The aegraph approach sidesteps both issues. It works directly on Cranelift’s existing SSA form without requiring a conversion to a different IR. The dominator tree, already present in SSA, provides the structural information that scoped elaboration needs. You get the benefits of graph-based reasoning during optimization and a clean return to sequential SSA for register allocation and instruction selection, without the overhead or correctness challenges of maintaining a sea-of-nodes representation throughout the pipeline.

ISLE Integration and the Practical Shape of the Pipeline

Cranelift expresses its optimization rules using ISLE, a term-rewriting DSL that compiles to Rust at build time. The same DSL drives both mid-end optimization and instruction selection lowering. Aegraph rewrites are expressed as ISLE rules that pattern-match on e-nodes and produce new e-nodes, which are then unioned with the matched expression’s equivalence class.

This means the mid-end and backend share a rule language, and adding a new algebraic simplification requires writing one ISLE clause rather than a custom Rust pass. The compile-time cost of the aegraph phase is bounded by running rewrites for a fixed number of iterations rather than waiting for full saturation, which keeps compilation time predictable, a non-negotiable requirement for a JIT serving WebAssembly workloads where cold-start latency matters.

What This Represents More Broadly

The aegraph design is a good example of how production constraints reshape theoretical tools. The egg library proved that equality saturation could be fast in a batch setting. Cranelift’s aegraph shows what changes are necessary to use the same idea inside a latency-sensitive compiler: the acyclicity invariant, dominator-tree-aware elaboration, bounded iteration, and integration with an existing rewrite-rule framework.
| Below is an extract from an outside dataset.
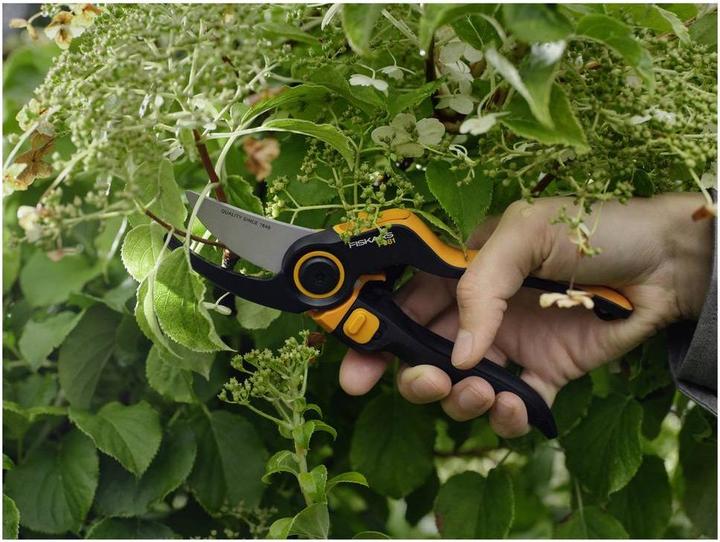 Image du produit Fiskars Gartenschere Bypass X-series DualAction P981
The pattern generalizes. Formal methods tools, SMT solvers, and theorem provers repeatedly generate ideas that need structural modification before they fit compiler pipelines. Aegraphs join a long list, including ideas borrowed from proof assistants (dependent types), SAT solvers (CDCL-style search in instruction selection), and term-rewriting systems. The gap between theory and production is rarely about the core idea being wrong; it is usually about one or two structural assumptions that do not survive contact with SSA form, control flow, and bounded compile time.

For anyone building compilers or working on program analysis tools, the aegraph paper is worth reading carefully. Not just for the specific technique, but for how it reasons about which invariants to relax and which to strengthen.